I'm Mark Henderson and I'm from the Department of Internal Medicine. I'm the
Associate Dean for Admissions at the UC Davis School of Medicine.
Diversity means different things to different people, but I think
fundamentally for me it means that people from different walks of life, with
different perspectives, with different upbringings, are brought together in some
way and that each of their contributions are valued
and that they are shared amongst the group -- whatever that group is to make
that group stronger.
When we have a diverse medical student community or diverse residents, they are
able to 1) relate, in many ways, better to certain cultural communities. And so I
think -- it even goes not, maybe goes without saying -- that sometimes they're able to
enhance the care of the patients that we serve. And fundamentally our mission is
to take care of the patients that come through our doors at UC Davis. And I
think cultural understanding, linguistic understanding are all ways in which
our students and residents can enhance and make the care of our patients better.
Like diversity, if you include people with diverse opinions and diverse
backgrounds and diverse perspectives, you are a stronger organization I believe.
But also when you include groups that are typically marginalized, you bring, you
know, you make health care more equitable. And you make it -- you're able, to me,
you deliver healthcare the way it's supposed to be delivered.
The project that we first published related to this Center's work has to
do with the performance of a large group of applicants to medical school in
California, at the five -- at the time -- five public California schools where we
compared the performance on two different types of medical school
interviews: the traditional interview (TI) which is a long semi-structured
interview, over 30 to 45 minutes, usually with a faculty member or a student. We
compared that method, if you will, to multiple mini-interviews (MMI), which
8-10 minute brief encounters, often with an actor and
the applicant. And these brief interactions are much more
structured and assess different elements of skills that we think are important in
medicine, like communication, like teamwork, like receptivity to feedback.
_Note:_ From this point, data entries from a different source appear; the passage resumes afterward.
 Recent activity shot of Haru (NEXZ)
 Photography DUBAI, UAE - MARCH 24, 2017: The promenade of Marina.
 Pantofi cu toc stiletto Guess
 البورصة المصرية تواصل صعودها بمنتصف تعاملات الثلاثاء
And so those two methods are very different ways of assessing candidates.
And so we compared, over several years, how different people performed on the two
interview types.
Disadvantaged students, those that designated themselves as having an
environmental or educational disadvantage, tended to have a harder
time with MMI compared to traditional interviews. And I think that probably is
explained by the fact that in a traditional interviews, you have a little
more time to talk and a little less pressure. It's not as -- the time pressure
isn't quite as great. And I think you have a little bit more of time to tell
your personal story, which I think can be quite compelling in many people who
have an educational or economic disadvantage in their background.
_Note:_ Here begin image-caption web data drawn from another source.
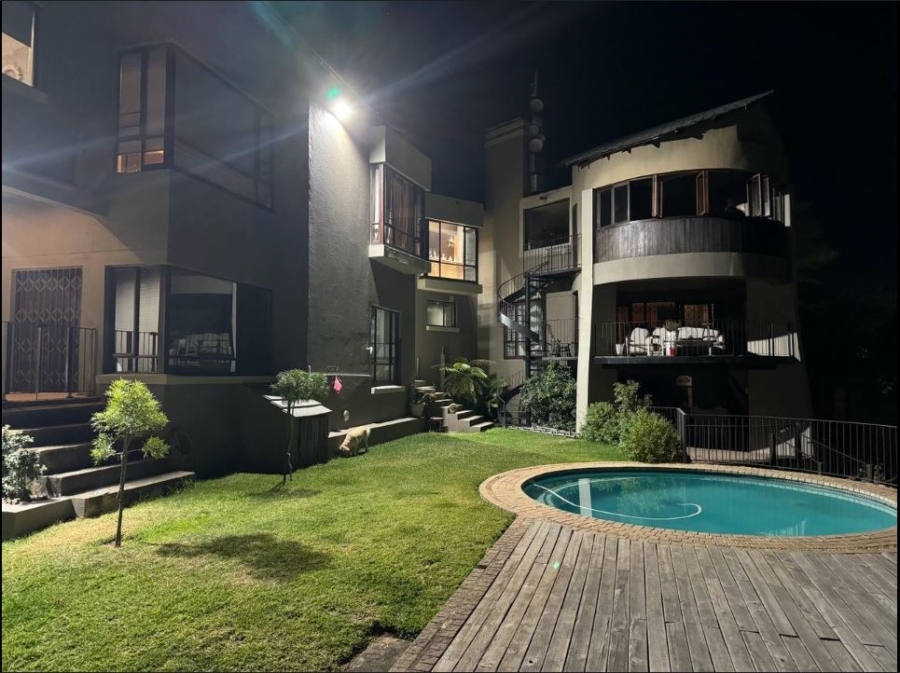 5 Bedroom Property for Sale in Nelspruit Ext 13 Mpumalanga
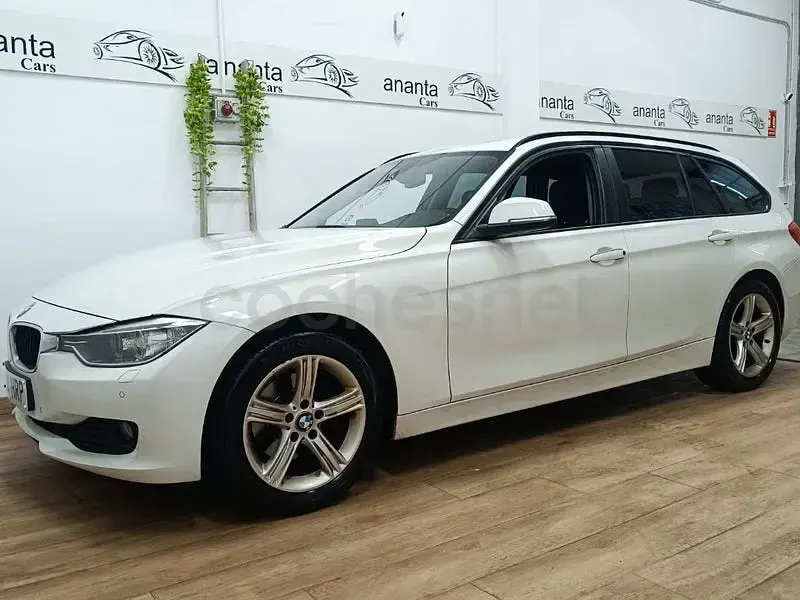 Usado BMW 320 Efficient Dynamics 163 CV (119 kW) 2013 Blanco Familiar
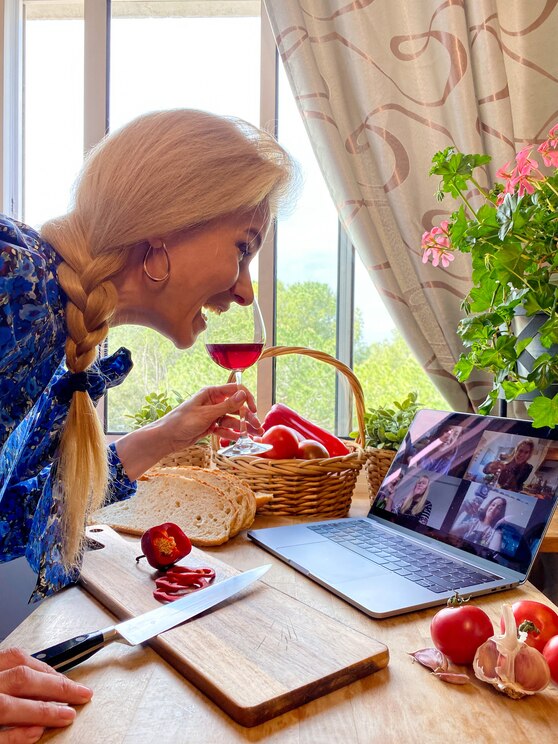 Show full-screen, host-provided image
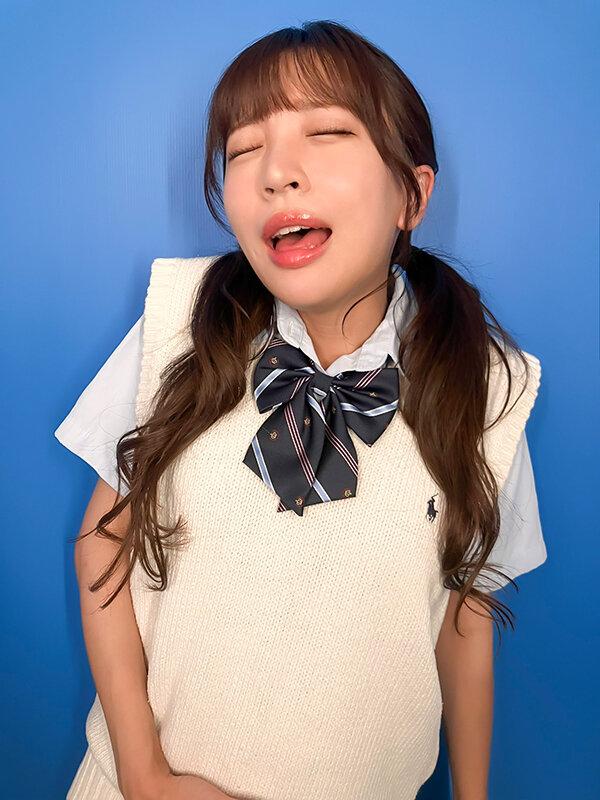 ここで撮影した写真を貼れば絶対合格するというピストンバイブ証明写真ボックス 大学受験前の女子学生がどんなに突かれても笑顔をキープ 受験生Oさん サンプル画像 2
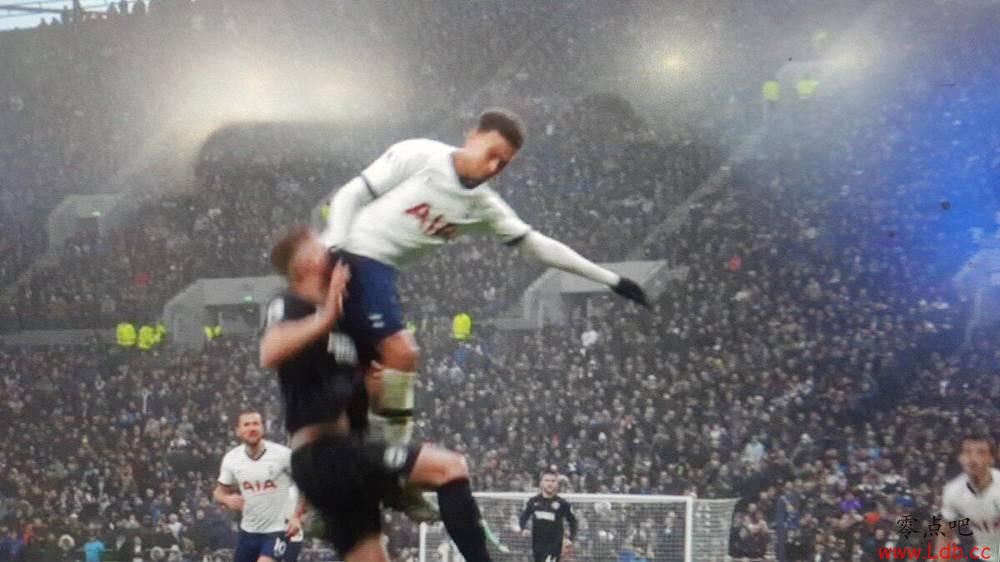 GIF-���������������β�ֱ����ײΤ��˹��ͷ����ͼ��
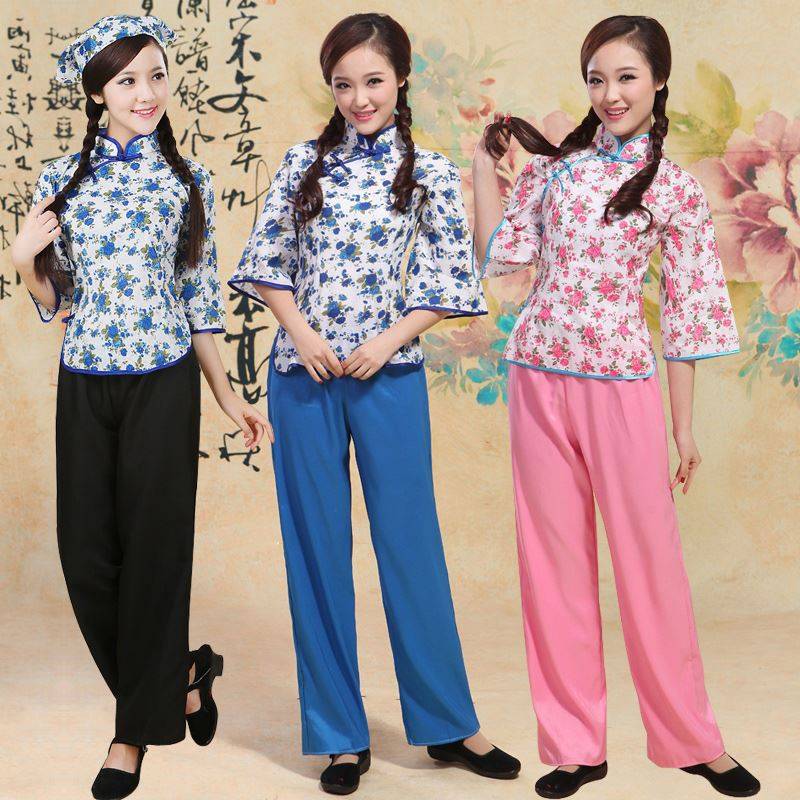 Yingshan Red Dance Performance Services Nanni Bay Clothing Dance Performance Performance Fair Federation Female Village Aunt's Aunting Nation at that time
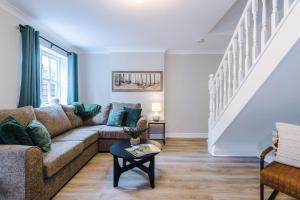 NEW! Stunning 3-Bed Home in Chester by 53 Degrees Property, Ideal for Groups, FREE Parking!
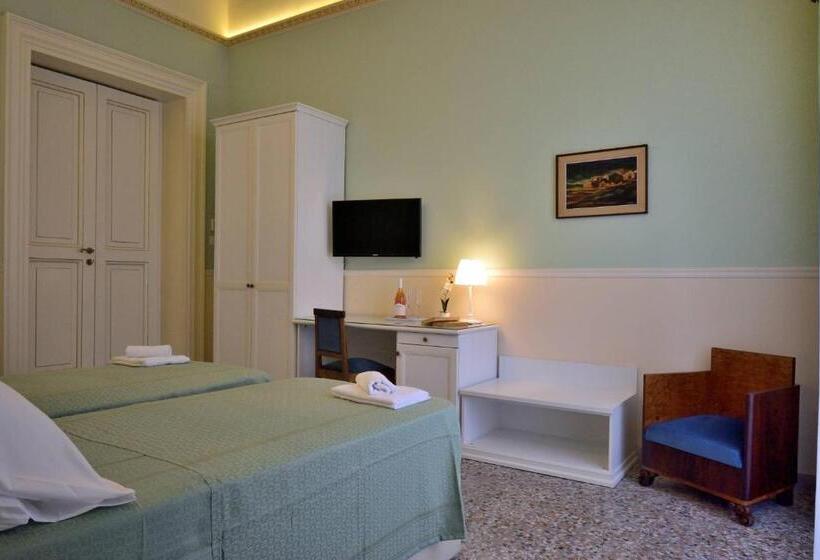 غرفة قياسية مزوَّدة بشُرفة, Bellini Inn Deluxe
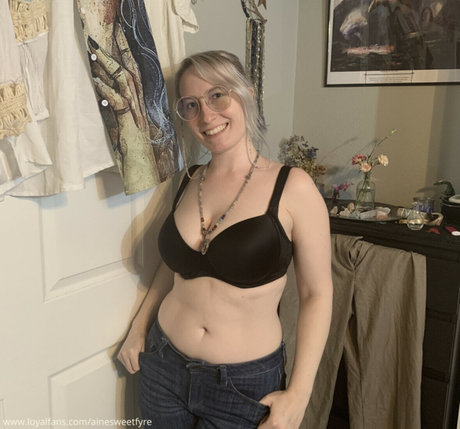 Asunanympha naked pornstar galleries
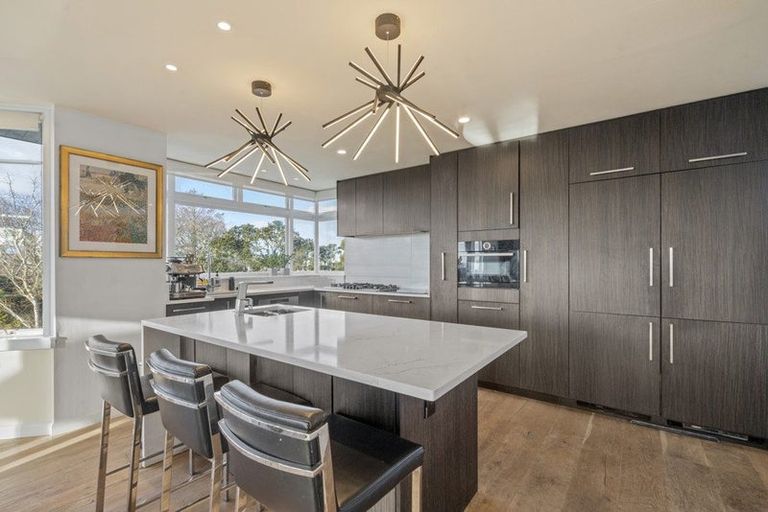 Photo of property in 27 Palmer Crescent, Mission Bay, Auckland, 1071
MMI, again, is very rapid, it's very high, you know, it's rapidly paced. And
it's a bit more pressure. So I think that you, some of those skills under, you
know, under grace, under pressure or performance under pressure, I think maybe are
more highly developed in individuals that are from advantaged backgrounds.
Multiple mini-interviews, fundamentally, to me, are a way to ensure that many
different perspectives are represented from the interview process. Specifically
when you have an MMI ,10 different people interact with each candidate. So each of
those 10 interviewers or "raters," as we call them, has a different perspective,
has a different background, brings a different set of observations to that
encounter. And so in that way, to me, you're bringing many more -- you're
bringing diversity of perspective to the process.
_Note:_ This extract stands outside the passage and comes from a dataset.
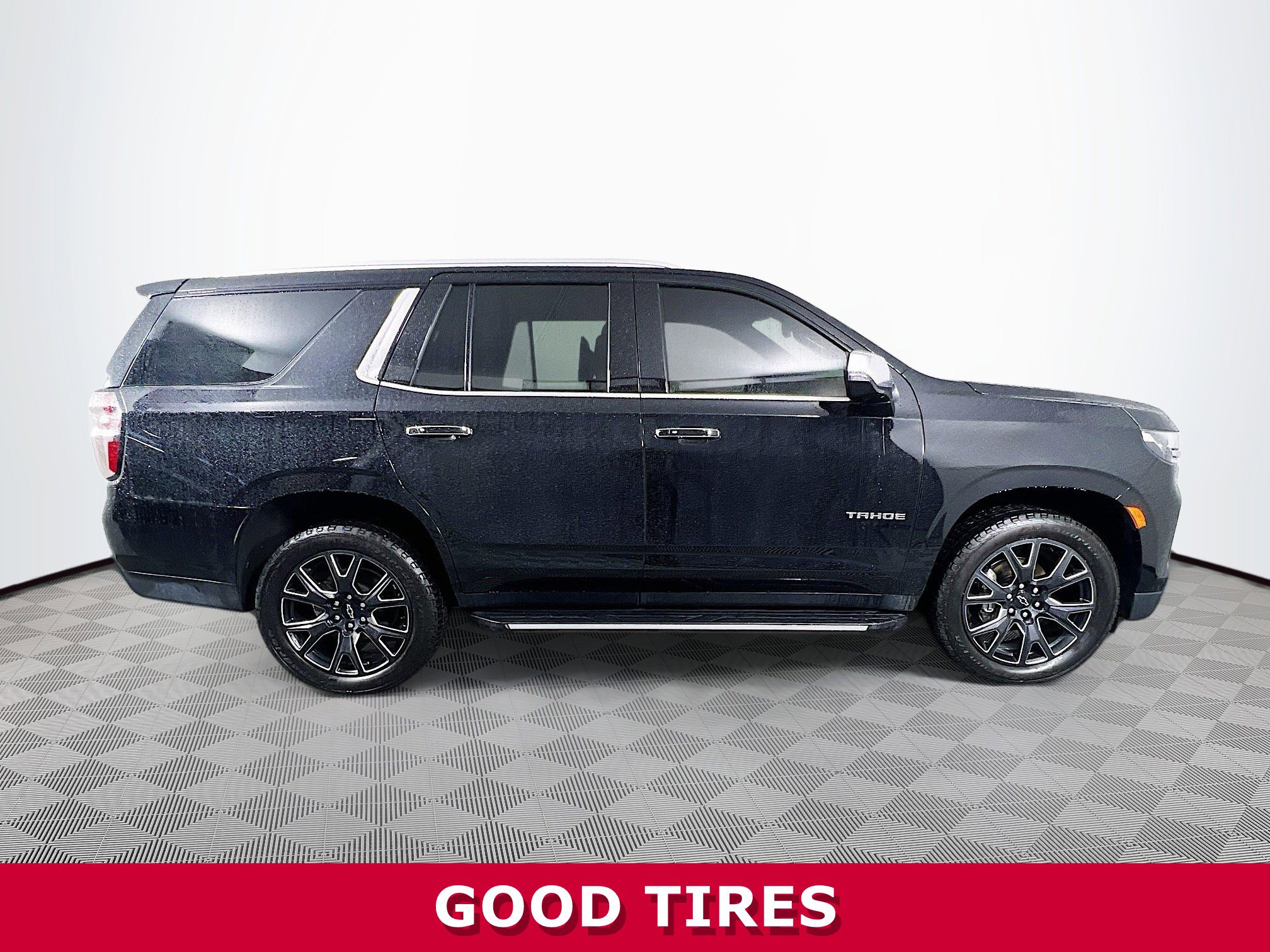 Used 2023 Chevrolet Tahoe Premier AWD/4WD image 34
There's a lot to be desired or improved upon in terms of delivering healthcare
that's equitable and reaches all segments of our society. And so in order
to reach marginalized and vulnerable communities -- often communities of color --
or rural communities or communities that are distant from healthcare,
they're not able to realize the dream of the wonderful breakthroughs
that have occurred in medicine. But also just even basic care. And in order to
deliver on that promise, if you will, I think we need to have a
workforce that feels very deeply that health equity is something to
be strived for every day in what we do. And that we have to -- it's a tremendous
there's a lot of tremendous amount of work that needs to be done to achieve
health equity. And in order to do that work, which is oftentimes difficult work,
you need to be committed in a very deep, fundamental way, to want to work
on the part of, on behalf of, vulnerable communities or work in a rural community
that has fewer resources. I think that that kind of commitment is what's
required and that's why we need to figure out how to bring those different
perspectives and backgrounds and students that don't traditionally come
here to health professions schools. How to encourage them and enable them to
join the health workforce so that they can then give back to advance health
equity in our communities, our state, and frankly, our nation.